ThrottleStop has many similar features to Intel XTU plus a few very useful features that no other software gives you access to.  Highly recommended for anyone that wants more control or wants to know more about what their CPU is really doing.


----------



## Wade Hayworth (Mar 8, 2016)

hey UncleWebb,  I am testing some processors and I started getting this error.

. 



Is there a way to test this processor with Realtemp?  I was using 3.70 then I tried your newer Realtemp T|I. 

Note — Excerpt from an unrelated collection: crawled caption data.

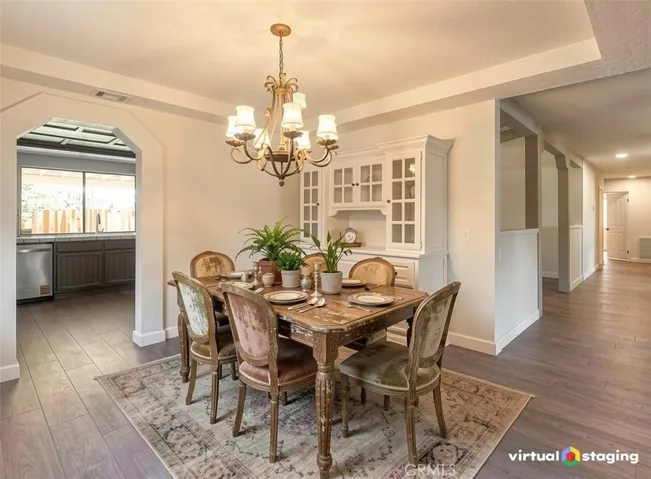 Dining Room Virtually Staged
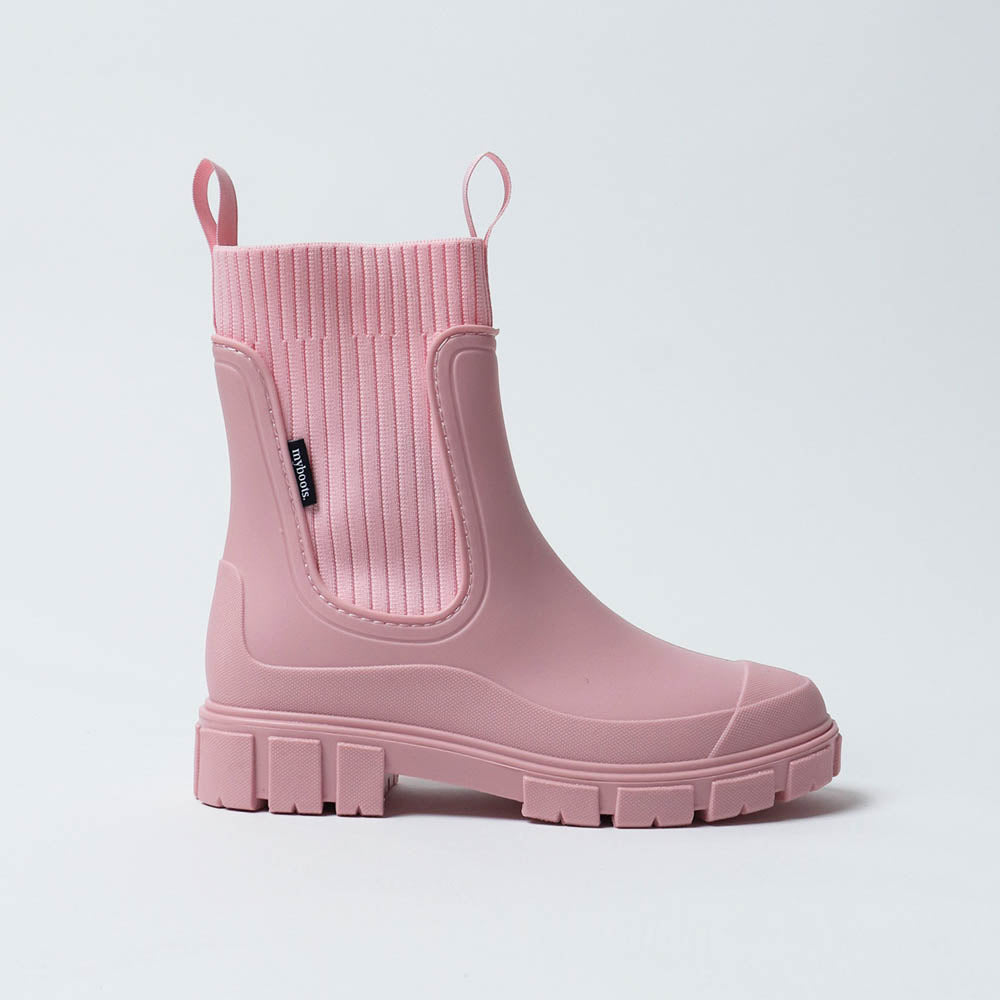 Lorna Chelsea Rain Boots in Blush Pink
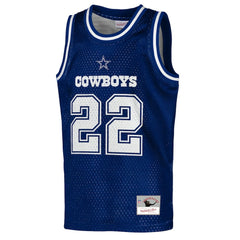 Dallas Cowboys Mitchell & Ness Emmitt Smith  Youth Retired Player NFL Basketball Fashion Jersey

Thanks for any help you may provide


----------



## Solaris17 (Mar 8, 2016)

Its an Intel geared program?

https://www.techpowerup.com/realtemp/


----------



## puma99dk| (Mar 8, 2016)

Wade Hayworth said:


> hey UncleWebb,  I am testing some processors and I started getting this error.
> 
> . View attachment 72648
> 
> ...



AMD isn't good enough that's why u get this error message


----------



## Wade Hayworth (Mar 8, 2016)

I have had it work on other AMD processors. this is why I asked the question. Thank you for the information though.


----------



## unclewebb (Mar 8, 2016)

RealTemp has never supported any AMD CPUs.  Core Temp recently released an update so it might work on your AMD CPU.


----------